* _REQUIRED WORK_:
For this exercise, output exactly and only the lines running from the one with "Vector schattig klein" through the final line of the data below, without pictures.

____ DATA SUPPLIED

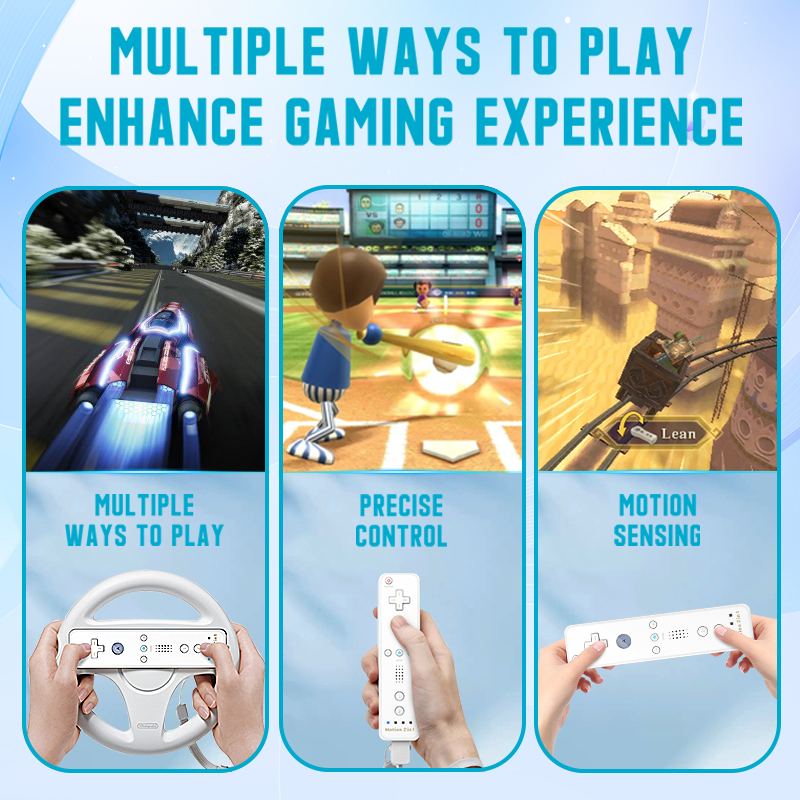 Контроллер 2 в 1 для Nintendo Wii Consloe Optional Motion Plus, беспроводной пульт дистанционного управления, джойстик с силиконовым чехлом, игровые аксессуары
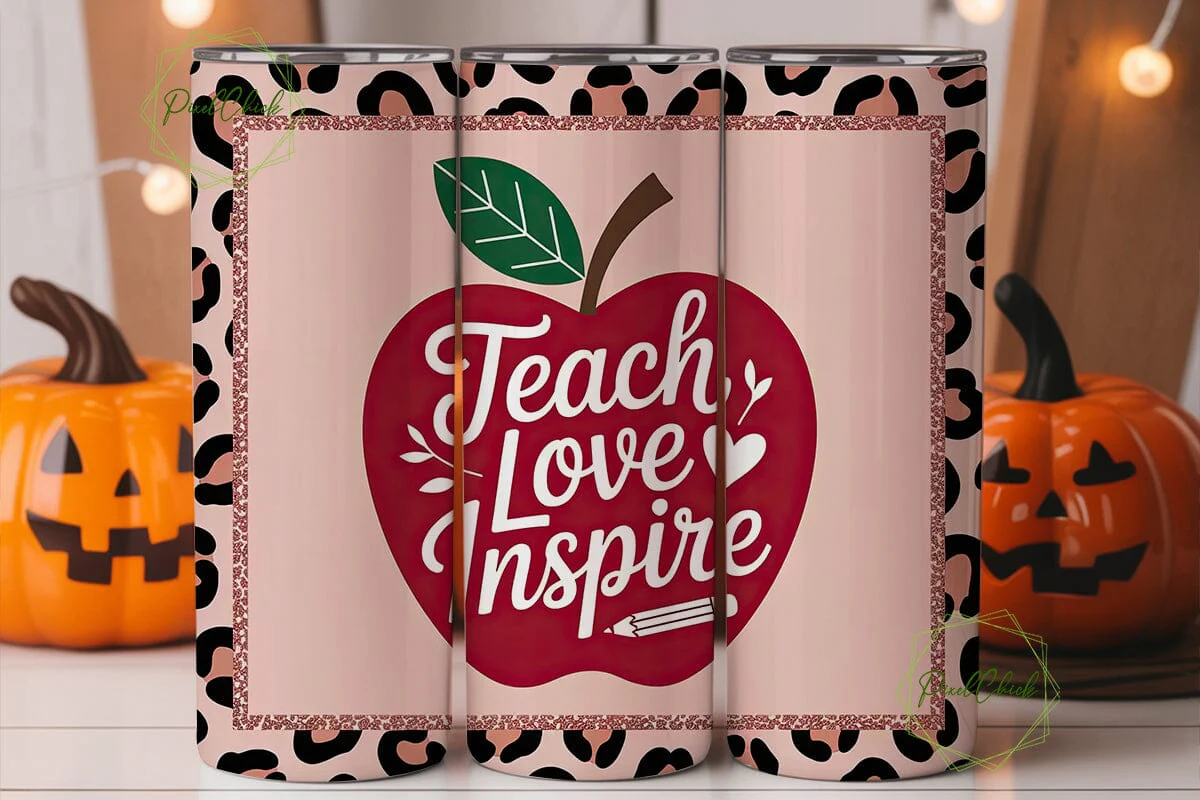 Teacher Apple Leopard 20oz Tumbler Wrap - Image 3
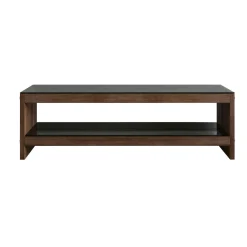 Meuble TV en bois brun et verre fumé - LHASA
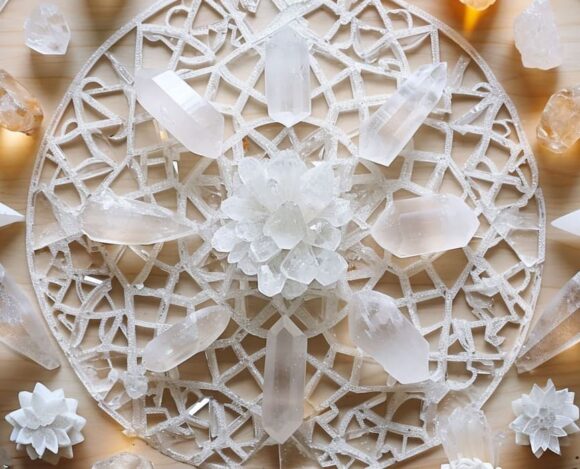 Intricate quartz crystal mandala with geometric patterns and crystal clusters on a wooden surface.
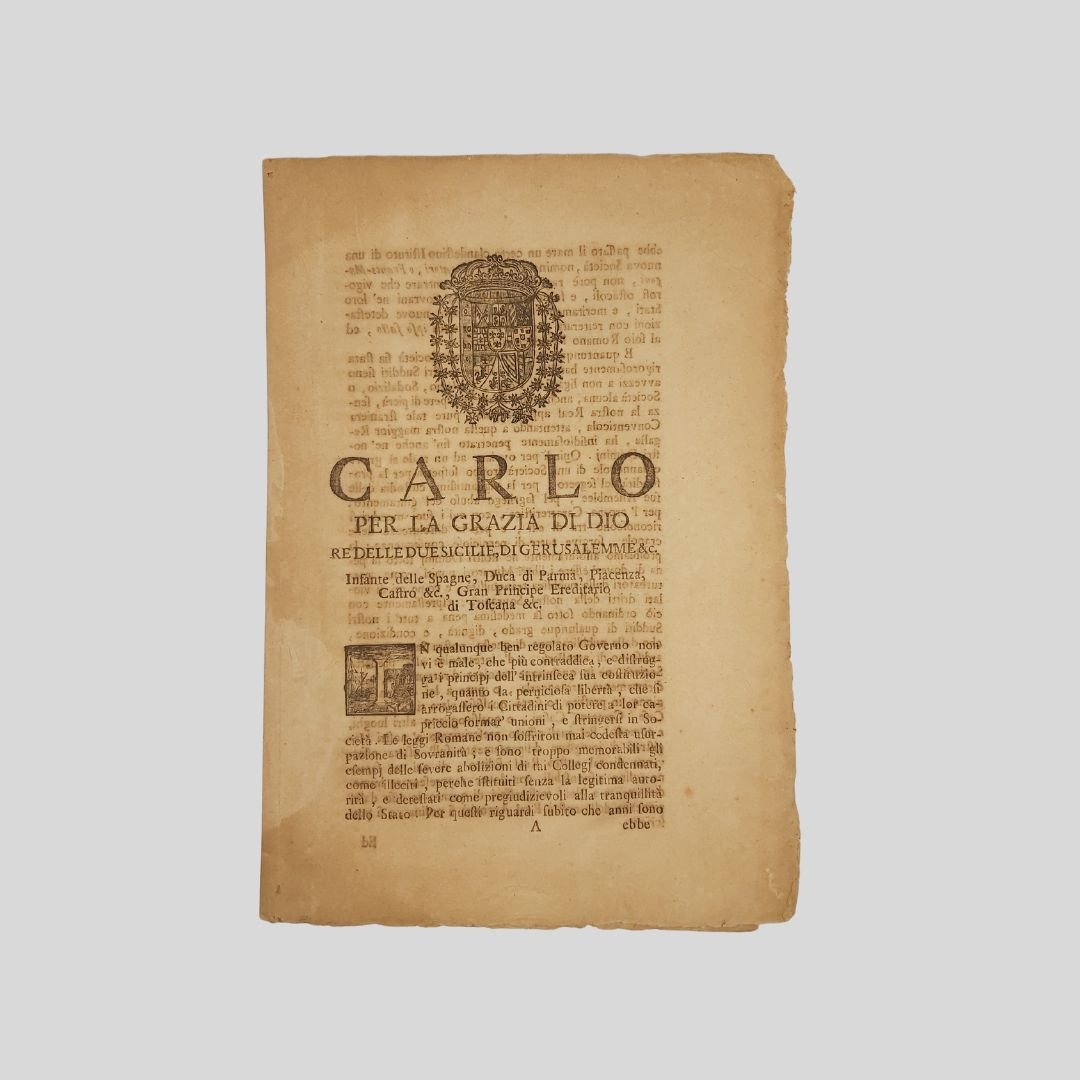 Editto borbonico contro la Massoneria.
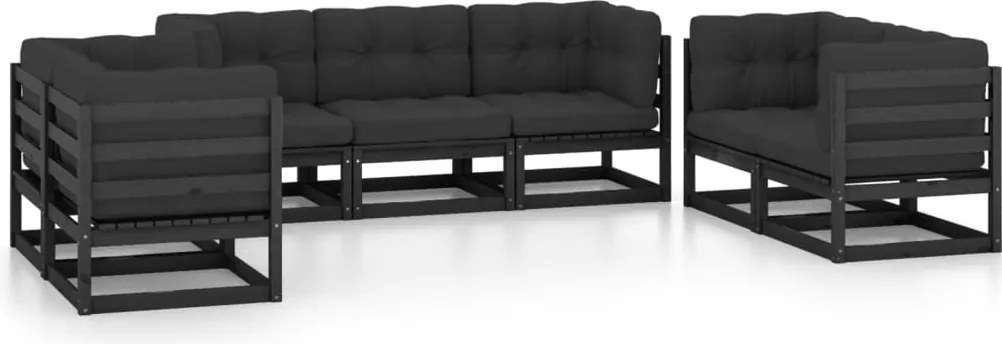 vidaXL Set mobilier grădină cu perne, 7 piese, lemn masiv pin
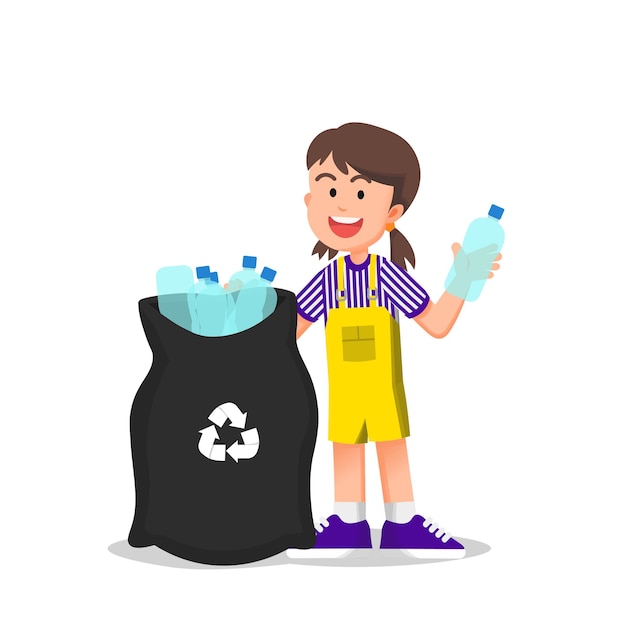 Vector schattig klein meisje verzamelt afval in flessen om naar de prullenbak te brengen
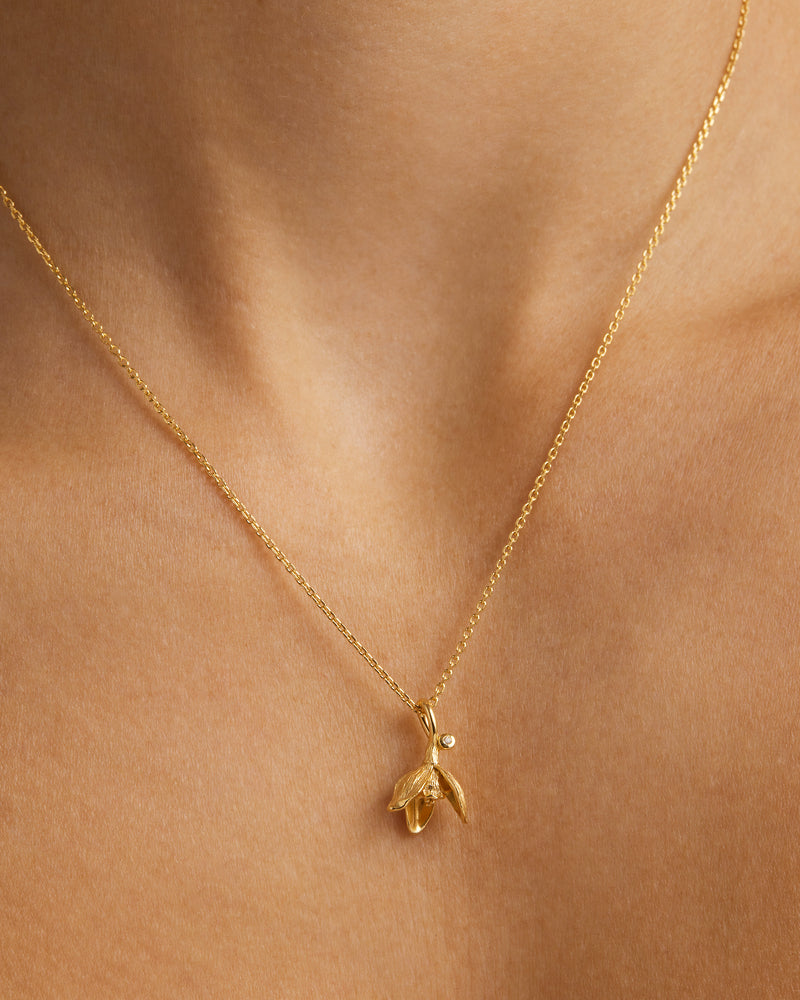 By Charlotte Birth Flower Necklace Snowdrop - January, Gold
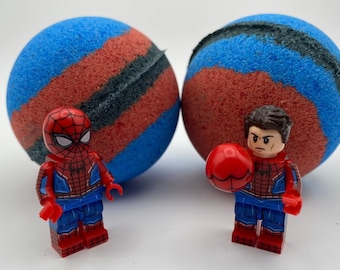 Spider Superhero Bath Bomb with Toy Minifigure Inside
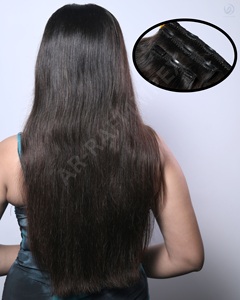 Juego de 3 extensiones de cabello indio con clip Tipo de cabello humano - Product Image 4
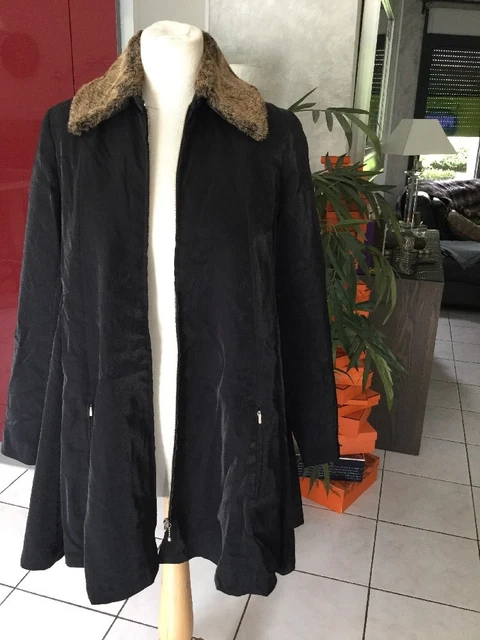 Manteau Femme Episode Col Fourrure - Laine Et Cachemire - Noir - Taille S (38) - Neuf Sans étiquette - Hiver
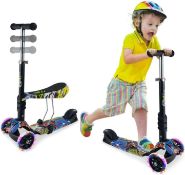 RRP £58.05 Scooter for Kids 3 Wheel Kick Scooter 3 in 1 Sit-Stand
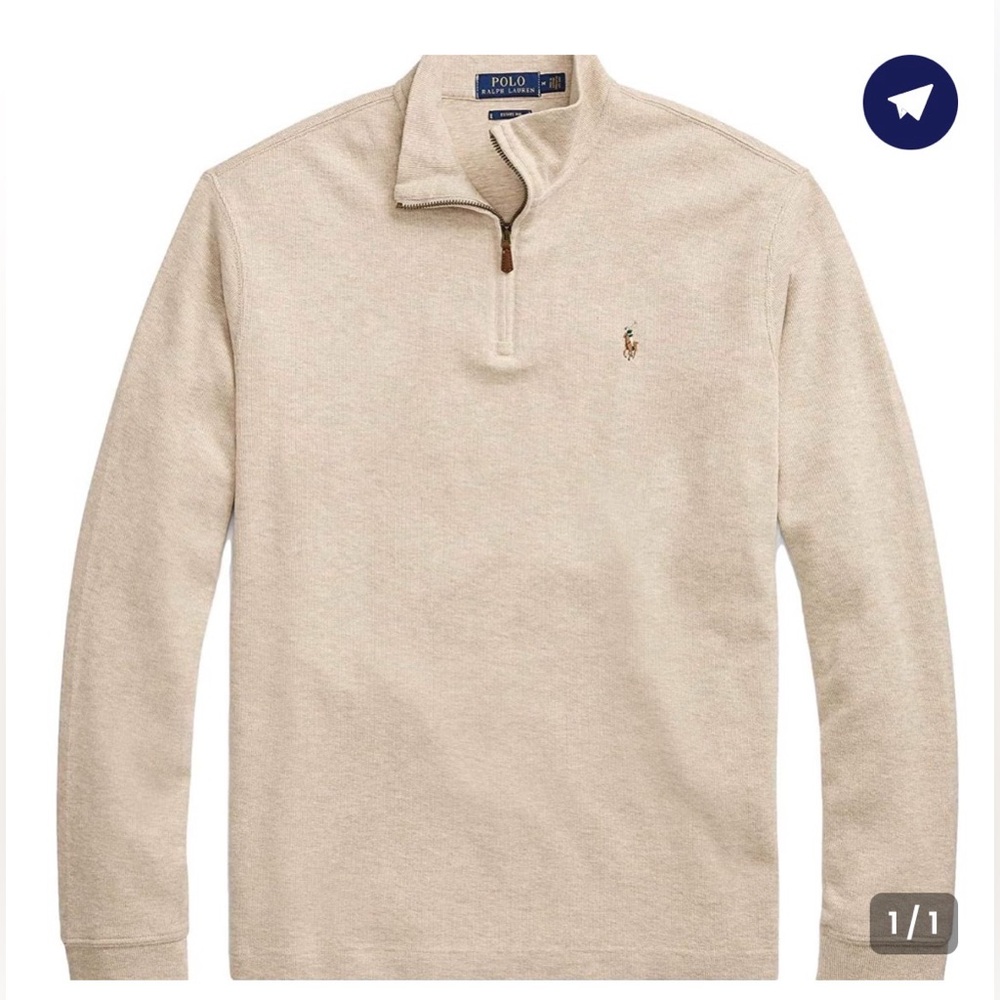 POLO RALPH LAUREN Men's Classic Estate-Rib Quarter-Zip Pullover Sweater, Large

________

* _SOLUTION TO THE PROBLEM_:
 Vector schattig klein meisje verzamelt afval in flessen om naar de prullenbak te brengen
 By Charlotte Birth Flower Necklace Snowdrop - January, Gold
 Spider Superhero Bath Bomb with Toy Minifigure Inside
 Juego de 3 extensiones de cabello indio con clip Tipo de cabello humano - Product Image 4
 Manteau Femme Episode Col Fourrure - Laine Et Cachemire - Noir - Taille S (38) - Neuf Sans étiquette - Hiver
 RRP £58.05 Scooter for Kids 3 Wheel Kick Scooter 3 in 1 Sit-Stand
 POLO RALPH LAUREN Men's Classic Estate-Rib Quarter-Zip Pullover Sweater, Large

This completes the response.